It’s time Egyptians were heard. It’s time the pundits and “Egypt hands” (old recycled western diplomats) were retired. These people were as good at predicting the current events as our economists were in predicting the economic calamity. I am glad you all got to see things from Egypt outside your comfort zone. Maybe now, you can give Egyptians and Arabs some respect. The people in Egypt are struggling for human rights, dignity and freedom. Like the rest of us, they want the economic means to care for their families. Break down those closed ideas that dehumanize the Arab and Egyptian people in general. That is all I ask.


Anti-American Anger

Vented By Marchers


A man in Tahrir Square, Cairo, protests against the US, which faces a dilemma between calls for democracy and concerns for regional stability ?

By Andrew England in Cairo, 1 February 2011, Financial Times, London.

Dotted among the sea of banners at Tuesday’s huge demonstrations deriding Hosni Mubarak, the Egyptian president, and calling for his removal were several carrying a message aimed at another head of state.

“Obama protector of the dictator,” said one; “Game over America, Obama stop supporting tyrants,” said another.

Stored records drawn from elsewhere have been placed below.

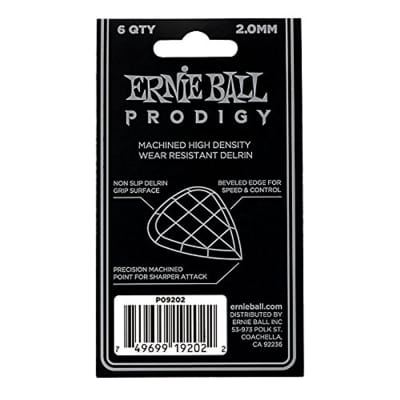 Ernie Ball Prodigy 2.0mm White Guitar Picks - 6 Pack, P09202 image 2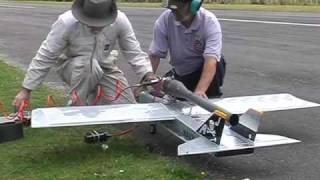 Pulsejet powered World Models TameCat RC plane maiden flight [upl. by Lauzon237]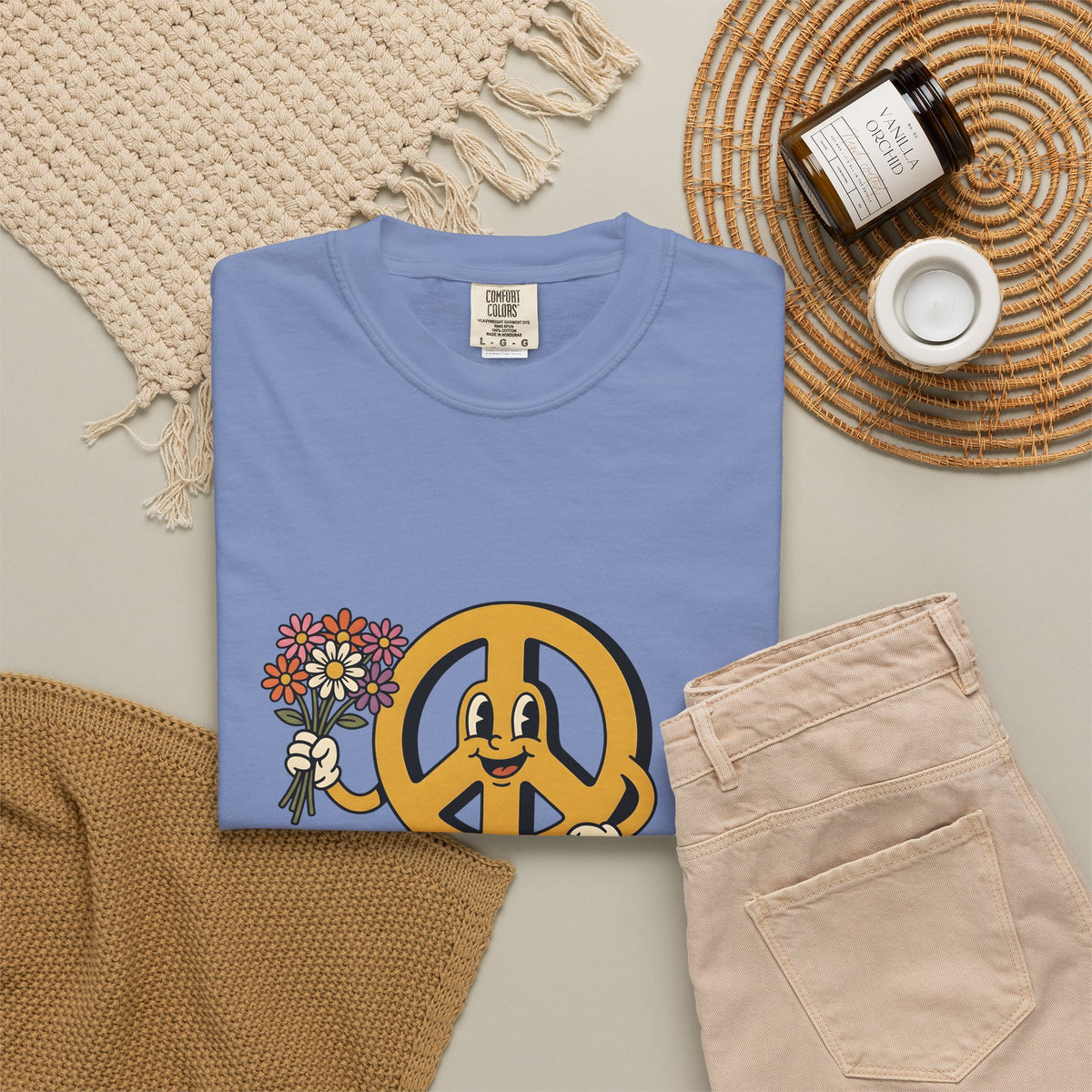 Peace Symbol Mascot T-Shirt Dog Festival Gift Women Animated T-Shirt Peace Sign T-Shirt Dog Fan Cartoon T-Shirt Rave Graphic Classic French Bulldog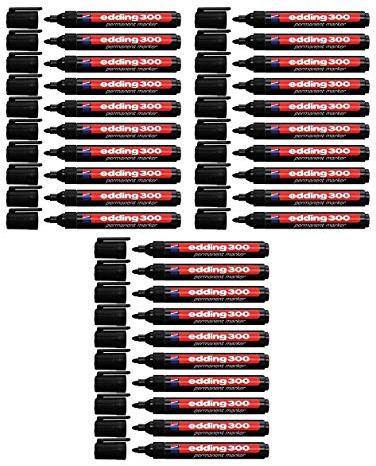 Edding 4-300001 300 Industry Permanent Marker - Rundspitze - Beschriftung von Karton, Metall, Gummi und Glas, schwarz (1,5-3 mm, 30er Pack)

For many Egyptians the US has for decades been guilty of propping up an autocratic regime and pushing its own strategic interests at the expense of Egypt’s long suffering masses.

“America is not representing any democracy, it represents Hosni Mubarak only – he is the sole agent in this region of the Americans,” said Emad Fouad, a 44-year-old geologist.

Since taking power 30 years ago, Mr Mubarak has been a key US ally in the volatile Middle East and Egypt has been one of the largest recipients of American military aid.

The Washington-Cairo relationship has remained critical to US interests in the region, though the rapport between the two countries’ leaders has ebbed and flowed, with a noticeable frostiness between Mr Mubarak and George W. Bush.

Egypt is one of only two Arab states to have full diplomatic relations with Israel. It shares a border with the Jewish state and Mr Mubarak has been seen as an important force in the battle against Islamist extremism.

Yet, for many Egyptians, the strong diplomatic ties have come at the expense of democracy. Washington is widely criticised for hypocrisy and double standards when dealing with its allies in the Arab world.

“America invaded the whole world to achieve democracy – Iraq, Afghanistan. And what they are trying to do in Palestine and southern Sudan – almost the whole world?” said Emed Sayeed, a lawyer brandishing the banner accusing Barack Obama, US president, of protecting dictators. “But when democracy comes to the point of it opposing its interests in the region, America preferred its interests to the principle. That is the ugly face of America.”

The unprecedented scale of the protests in Cairo has left Washington in a dilemma – torn between the deafening calls for democratic change rising from Egypt’s streets and its concerns for stability in the region.

Cairo was the place Mr Obama chose to make his historic June 2009 speech intended to reach out to the Muslim world. But much of the goodwill he enjoyed then has melted away, as many Arabs believe his actions have failed to live up to expectations.

And in the wake of Egypt’s protests , which have sent shockwaves through the Middle East, many Egyptians have interpreted the messages coming out of Washington as an attempt to take the middle road that meekly backs the democracy protesters.

In a YouTube message last week, Mr Obama praised Mr Mubarak for being “very helpful” on Middle East policy. But he also called for reform.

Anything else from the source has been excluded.